“Let all things now living a song of thanksgiving to God the Creator triumphantly raise;
Who fashioned and made us, protected ans stayed us, who guides us and leads to the end of our days.
His banners are o’er us, his light goes before us, a pillar of fire shining forth in the night,
’til shadows have vanished and darkness is banished, as forward we travel from light into light.”
Thanksgiving is close upon us, and what a great and refreshing time of the year it is. If you’re like me, it takes me all the way to Thanksgiving day to really consider what I’m thankful for. Perhaps its because my family has a wonderful tradition of “passing the corn” and sharing what God has blessed us with in the last year, so the day-of I scramble for something to say! But what if I had a whole month of thankful reflection on God’s blessings?

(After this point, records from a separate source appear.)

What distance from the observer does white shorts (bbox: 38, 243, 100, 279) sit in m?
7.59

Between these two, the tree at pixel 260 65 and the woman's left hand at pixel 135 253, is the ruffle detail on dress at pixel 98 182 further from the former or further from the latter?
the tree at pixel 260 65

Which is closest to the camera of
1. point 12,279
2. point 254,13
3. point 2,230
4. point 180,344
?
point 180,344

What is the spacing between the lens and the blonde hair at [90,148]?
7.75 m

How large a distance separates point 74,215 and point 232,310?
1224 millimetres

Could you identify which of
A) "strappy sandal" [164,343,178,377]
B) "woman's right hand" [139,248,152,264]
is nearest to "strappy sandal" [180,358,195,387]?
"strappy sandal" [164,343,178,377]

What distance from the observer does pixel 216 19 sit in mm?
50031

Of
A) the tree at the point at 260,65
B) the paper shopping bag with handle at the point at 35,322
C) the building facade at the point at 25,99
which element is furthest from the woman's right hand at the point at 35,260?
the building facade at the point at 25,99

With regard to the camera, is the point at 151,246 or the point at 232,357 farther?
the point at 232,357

What if you used these next few weeks to practice developing a thankful heart?
Ted opened our brief series on thankfulness by helping us see some of the reasons why we may not have thankful hearts and lives. Perhaps a most poignant illustration involves agriculture. Ted used blueberries, but since I grew up just a few miles from the strawberry capital of the world, I discovered this same phenomenon at work in strawberries. The berries need just the right amount of cold weather to grow. If they get too little, their growth will be truncated. However, and perhaps worse, if it gets too cold, the berries will just die. In this case, farmers will sprinkle a light layer of water on the berries right before it freezes. This “insulates” them at close to 32° so they will be protected against much colder temperatures. Its fascinating, really, but it is often the way our hearts insulate themselves against pain by retreating from thankfulness. Displaying our gratefulness inevitably brings us into the circle of vulnerability. To be thankful we have to actually engage with real people, in real circumstances, in this real world. We must leave the distant past of’ “what things used to be like,” come back from the fantasy world of “what we wish life were like,” and simply live in the present. Thankful hearts are hearts thoughtfully and gratefully embedded in the present.
And so I suppose the simplest question for the day is, “what are you thankful for today, in this season?” This is why I love the first line from the hymn above: “Let all things now living a song of thanksgiving to God the Creator triumphantly raise.” It reminds us that, in God’s family, every season, for every living thing, is a season for thankful living. If it hasn’t already, may this season of thankfulness for you begin today.